ヘルメットなしで気軽に利用できる電動マイクロモビリティのシェアサービス最大手の「LUUP(ループ)」。短時間でも手軽に利用できることから、現在は日本全国で8,200以上のポートが存在する人気サービスです。

一方、ユーザー数が多くなることで事故や危険運転などの問題も起きています。そこで、同サービスを提供するLuupは「LUUPの安全・安心アクションプラン 2024」を発表。新プランでは違反者に罰則も科せられることになりました。

  • 都市部を中心に展開するLUUPのポート。特徴的な水色の車体を見かけたことがある人も多いのではないでしょうか?

  • LUUPは現在特定小型原動機付自転車である電動キックボード(写真右)のほか、電動アシスト自転車(写真左)の2モデルを利用できます。中央は今後サービスに追加予定の新モデルプロトタイプ

施行スタートから1年、信号無視や歩道走行が顕著に

昨年2023年7月に国土交通省が改正道路交通法を施行し「特定小型原動機付自転車」という新車両区分を定めました。

「最高速度20km/h以下」などの特定条件をクリアし、特定小型原動機付自転車と認められた車両はヘルメットなしでも公道を走行可能(ヘルメットの着用が推奨されています)。しかも16歳以上であれば免許がなくても運転が可能です。

そして、この特定小型原動機付自転車である電動キックボードを提供するシェアサービスとして人気を集めたのがシェアサービスのLUUPです。

  • LUUPは現在特定小型原動機付自転車である電動キックボード(写真左)だけではなく電動アシスト自転車(写真右)も利用できます

自転車のように気軽に乗れるうえ、電動なので体力も消耗しないLUUPですが、その気軽さゆえに危険運転の危険も数多く指摘されています。

実際に警察庁のデータによると改正道路交通法施行後から今年4月までに、LUUPを含む特定小型原動機付自転車の交通違反・事故の検挙件数は18,316件にものぼっているのです。
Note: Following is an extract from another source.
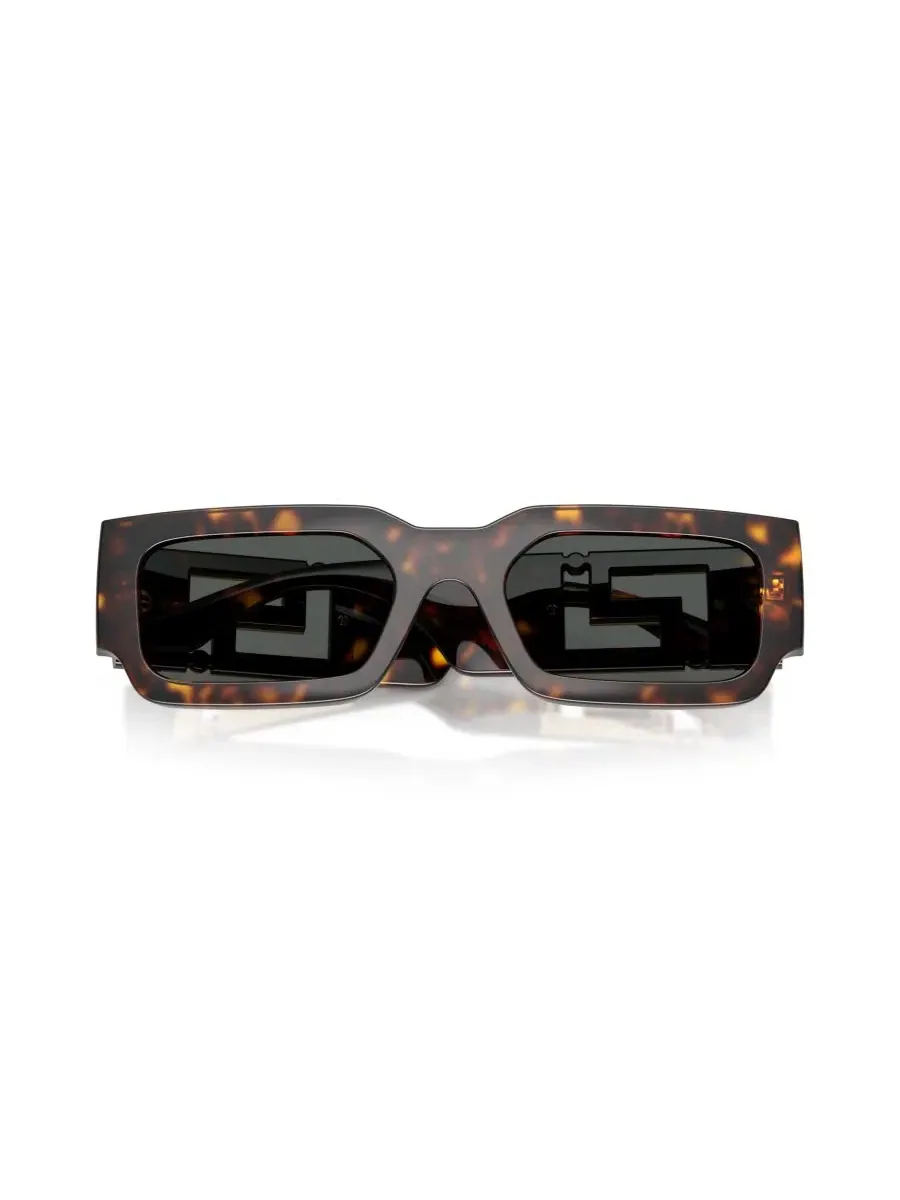 Мужские прямоугольные солнцезащитные очки, VE4506U Versace — изображение 4 из 6, коричневый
  • 警察庁が発表した特定小型原動機付自転車の交通違反・事故のデータ。ここにはもちろんLUUP以外の特定小型原動機付自転車も含まれます

データの「通行区分」とは、歩道走行違反のこと。このほか、信号無視、一時停止違反といった違反が9割以上を占めています。Luupはこれを「特定小型原動機付自転車が自転車のように気軽に乗れるモビリティだけに、軽い気持ちで違反をしてしまうのではないか」と分析しています。

  • 特定小型原動機付自転車は一部の歩道を走行することを許されていますが、このときは「最高時速が6kmになるモード」に切り替えて最高速度表示灯を点滅させるなど、一定のルールがあります

もちろん、サービスを提供しているLuupも違反を良しとしているわけではありません。LUUPを利用するには専用アプリでアカウントを取得する必要がありますが、このときに交通ルールテストを実施。全問正解しないとLUUPを利用できないようになっています。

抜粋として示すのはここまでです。